Les conditions de ce pacte sont différentes dans les différents États. Mais partout, la nation est en droit de maintenir envers et contre tous le contrat qu'elle a fait ; aucune puissance ne peut le changer ; et quand il n'a plus lieu, elle rentre dans le droit et dans la pleine liberté d'en passer un nouveau avec qui, et comme il lui plaît. C'est ce qui arriverait en France, si par le plus grand des malheurs la famille entière régnante venait à s'éteindre jusque dans ses moindres rejetons ; alors le sceptre et la couronne retourneraient à la nation.
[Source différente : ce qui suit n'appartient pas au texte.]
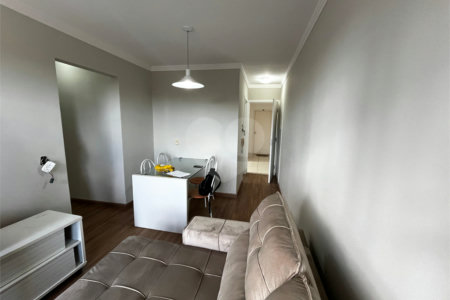 Apartamento para alugar com 2 quartos em Jardim Guarujá, Sorocaba, SP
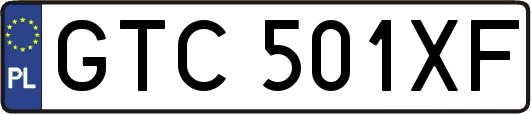 GTC501XF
Il semble qu'il n'y ait que des esclaves dont l'esprit serait aussi borné que le cœur serait bas, qui pussent penser autre­ment. Ces sortes de gens ne sont nés ni pour la gloire du prince, ni pour l'avantage de la société : ils n'ont ni vertu, ni grandeur d'âme. La crainte et l'intérêt sont les ressorts de leur conduite. La nature ne les produit que pour servir de lustre aux hommes vertueux ; et la Providence s'en sert pour former les puissances tyranniques, dont elle châtie pour l'ordinaire les peuples et les souverains qui offensent Dieu ; ceux-ci en usur­pant, ceux-là en accordant trop à l'homme de ce pouvoir suprême, que le Créateur s'est réservé sur la créature.
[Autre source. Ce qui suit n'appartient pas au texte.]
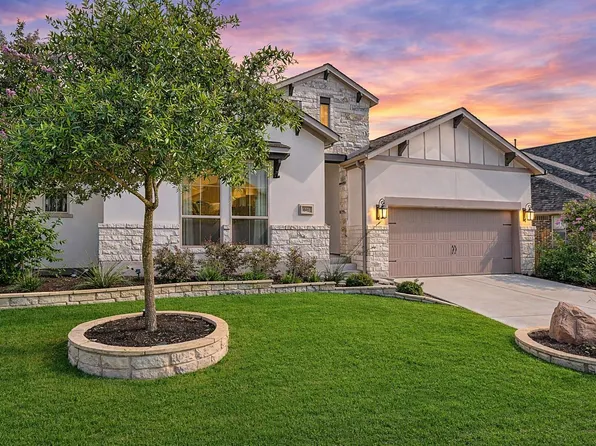 616 Breezygrass Way, Georgetown, TX 78626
L'observation des lois, la conservation de la liberté et l'amour de la patrie, sont les sources fécondes de toutes grandes choses et de toutes belles actions. Là se trouvent le bonheur des peuples, et la véritable illustration des princes qui les gou­vernent. Là l'obéissance est glorieuse, et le commandement auguste. Au contraire, la flatterie, l'intérêt particulier, et l'esprit de servitude sont l'origine de tous les maux qui accablent un État, et de toutes les lâchetés qui le déshonorent. Là les sujets sont misérables, et les princes haïs ; là le monarque ne s'est jamais entendu proclamer le bien-aimé ; la soumission y est honteuse, et la domination cruelle. Si je rassemble sous un même point de vue la France et la Turquie, j'aperçois d'un côté une société d'hommes que la raison unit, que la vertu fait agir, et qu'un chef également sage et glorieux gouverne selon les lois de la justice ; de l'autre, un troupeau d'animaux que l'habitude assemble, que la loi de la verge fait marcher, et qu'un maître absolu mène selon son caprice. 
[…] 
Diderot  

Source : Diderot et d’Alembert, L’Encyclopédie, Flammarion, Paris, 2010 ; p.143-147.